#### Task input

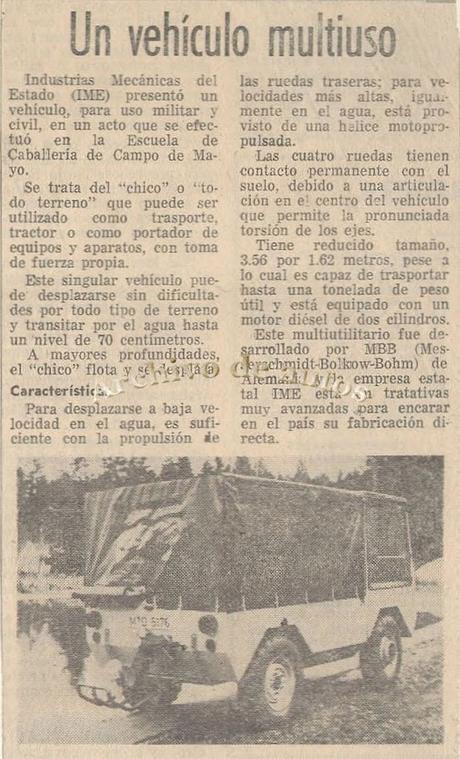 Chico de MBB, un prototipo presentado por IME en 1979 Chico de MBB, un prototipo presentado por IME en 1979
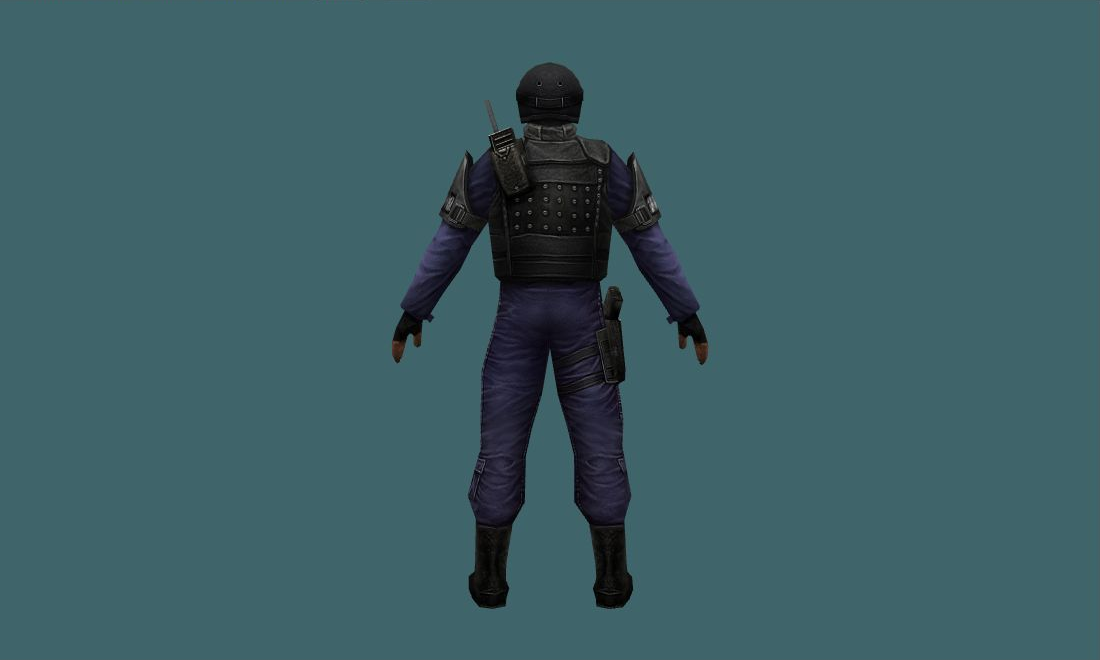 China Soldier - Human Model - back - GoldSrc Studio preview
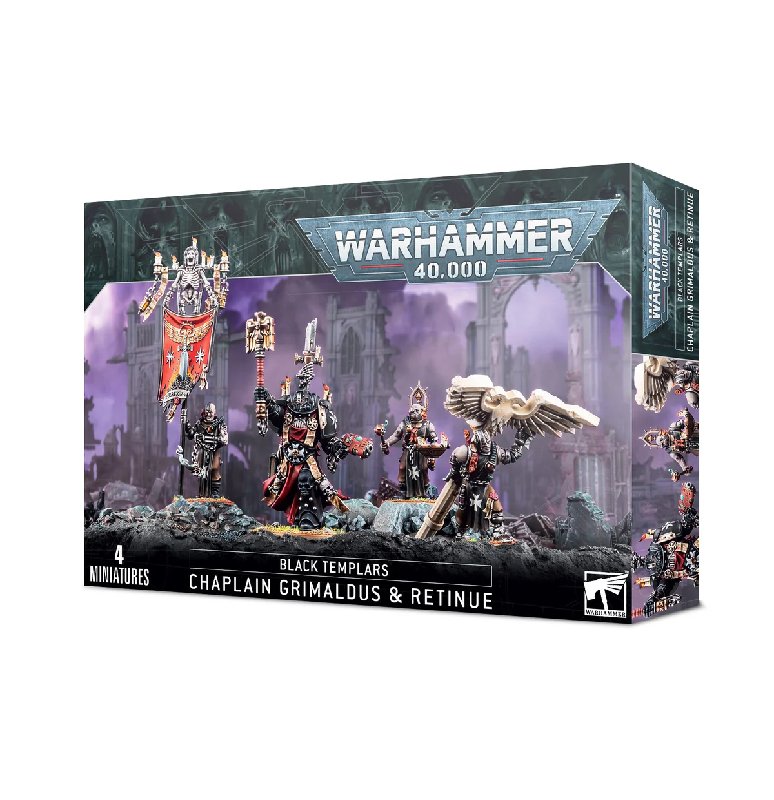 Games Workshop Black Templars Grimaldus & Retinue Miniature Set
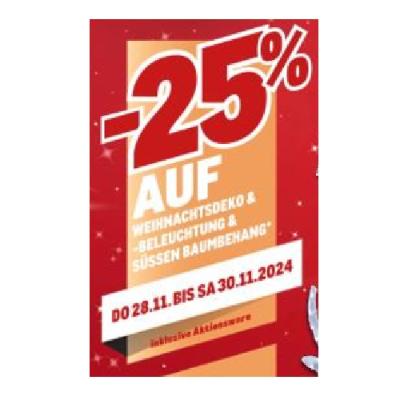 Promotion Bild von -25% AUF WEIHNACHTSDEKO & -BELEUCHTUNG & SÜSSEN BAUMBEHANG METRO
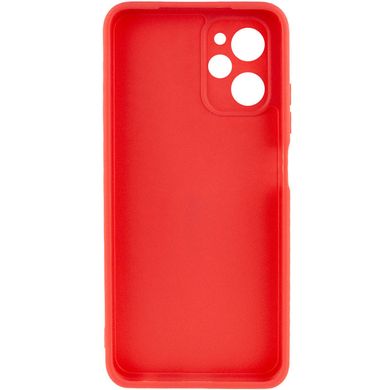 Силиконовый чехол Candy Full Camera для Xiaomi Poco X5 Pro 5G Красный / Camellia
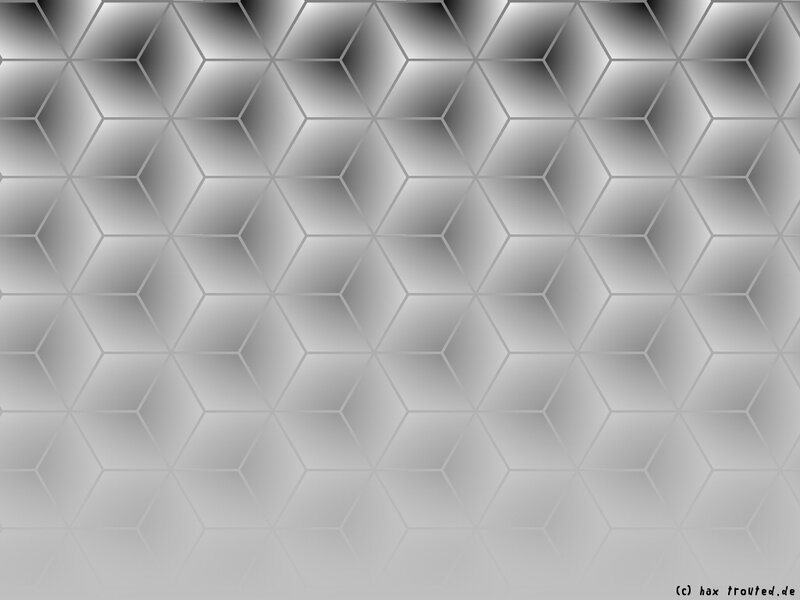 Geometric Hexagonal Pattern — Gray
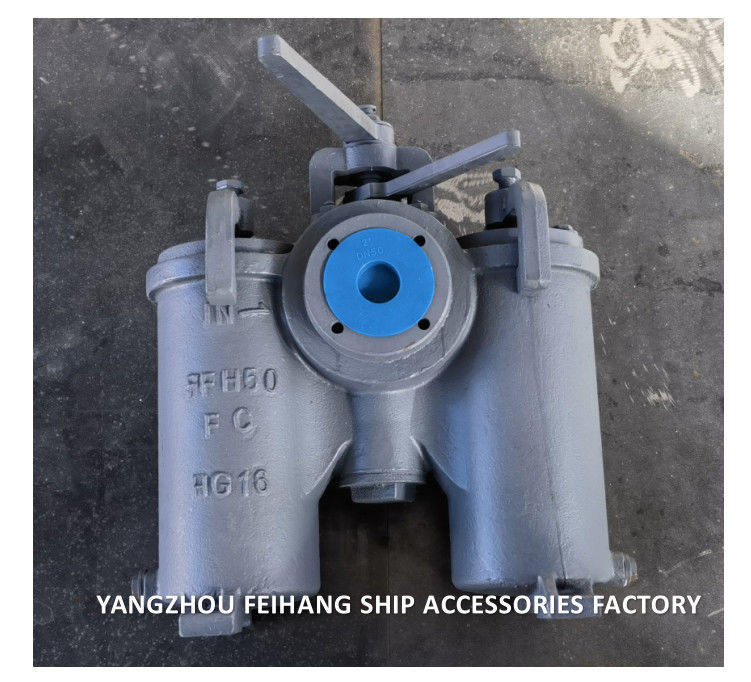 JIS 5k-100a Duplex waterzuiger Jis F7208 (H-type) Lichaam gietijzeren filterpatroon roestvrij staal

########
#### Task input

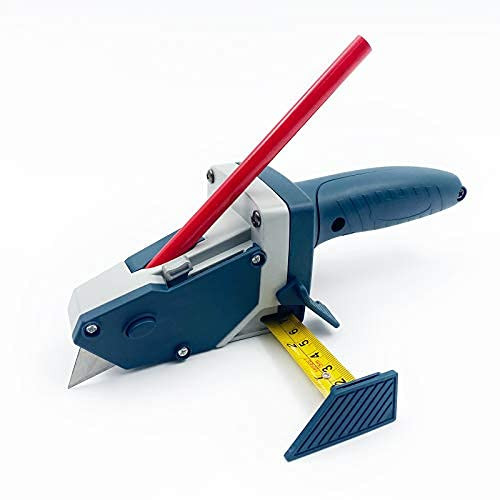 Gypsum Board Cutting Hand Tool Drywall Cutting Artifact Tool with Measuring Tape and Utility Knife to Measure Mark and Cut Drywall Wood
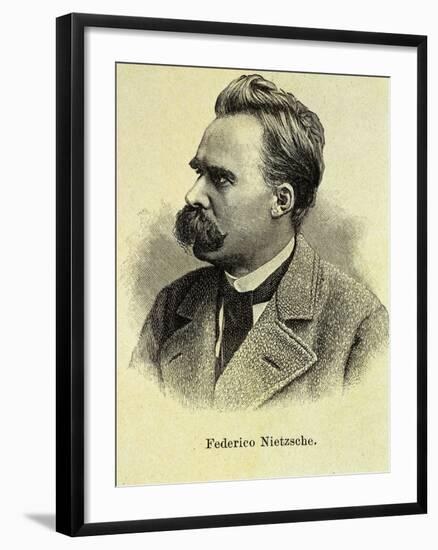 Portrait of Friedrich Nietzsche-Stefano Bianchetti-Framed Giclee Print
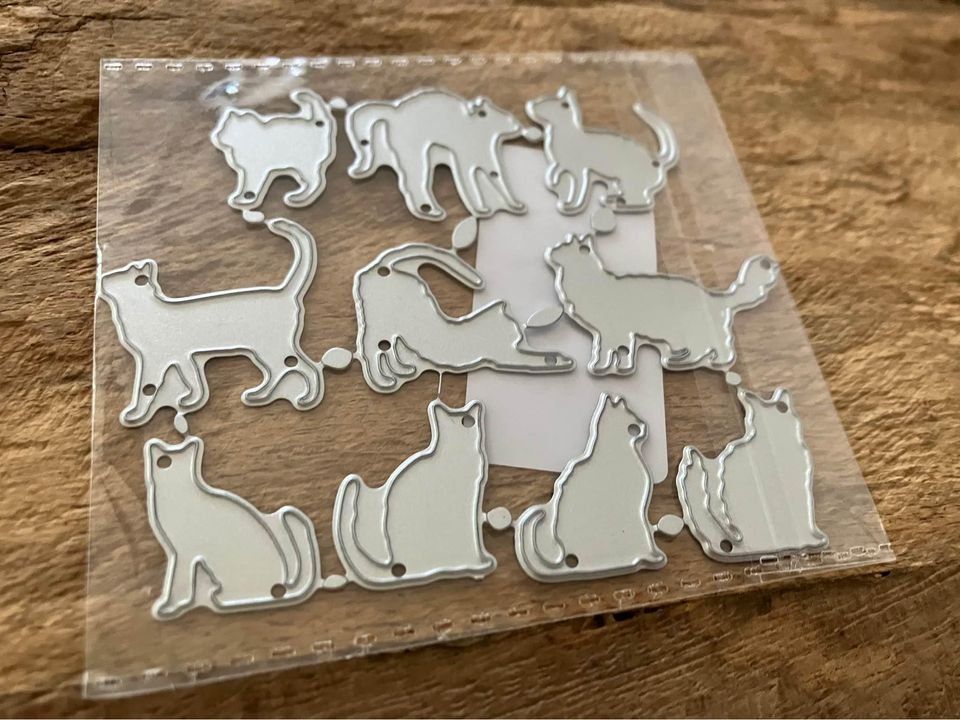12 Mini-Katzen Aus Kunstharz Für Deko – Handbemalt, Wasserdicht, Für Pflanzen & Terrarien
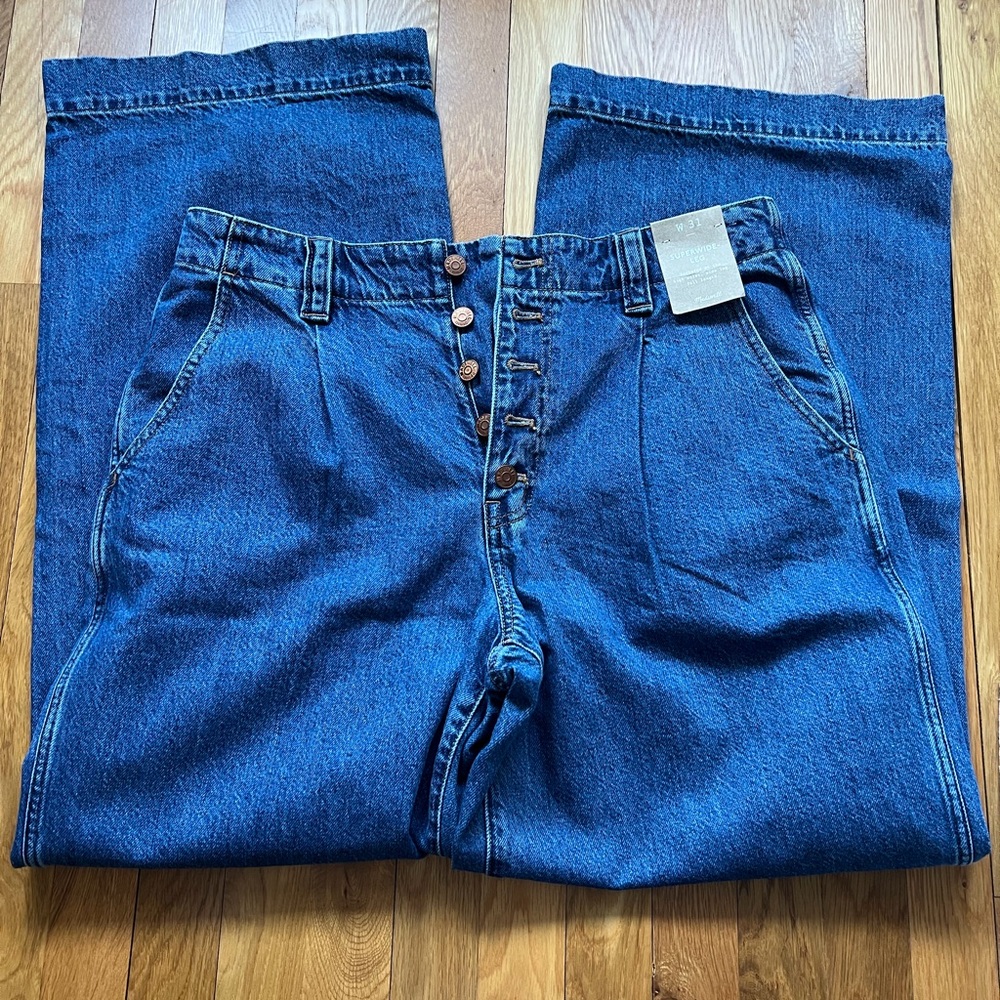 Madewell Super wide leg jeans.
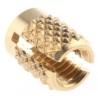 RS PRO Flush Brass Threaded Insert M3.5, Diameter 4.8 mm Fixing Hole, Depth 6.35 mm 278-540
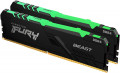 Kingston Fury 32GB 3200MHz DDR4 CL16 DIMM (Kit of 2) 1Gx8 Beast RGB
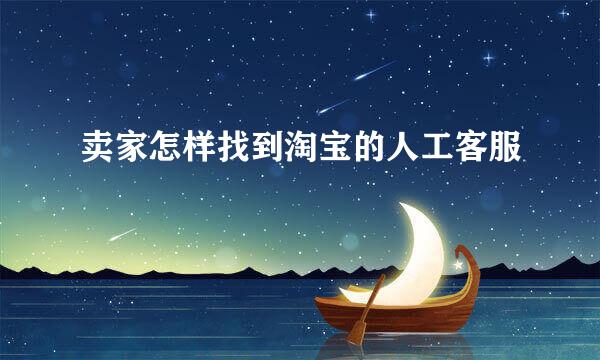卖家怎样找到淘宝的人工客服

########
#### Task input

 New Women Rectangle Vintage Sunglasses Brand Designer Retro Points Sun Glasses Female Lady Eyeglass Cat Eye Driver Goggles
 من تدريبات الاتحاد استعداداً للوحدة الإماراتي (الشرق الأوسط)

########

# The problem
Print, exactly, each line above from the one with "China Soldier - Human" to the one with "JIS 5k-100a Duplex", end lines included. Leave pictures out of it.

# Response
 China Soldier - Human Model - back - GoldSrc Studio preview
 Games Workshop Black Templars Grimaldus & Retinue Miniature Set
 Promotion Bild von -25% AUF WEIHNACHTSDEKO & -BELEUCHTUNG & SÜSSEN BAUMBEHANG METRO
 Силиконовый чехол Candy Full Camera для Xiaomi Poco X5 Pro 5G Красный / Camellia
 Geometric Hexagonal Pattern — Gray
 JIS 5k-100a Duplex waterzuiger Jis F7208 (H-type) Lichaam gietijzeren filterpatroon roestvrij staal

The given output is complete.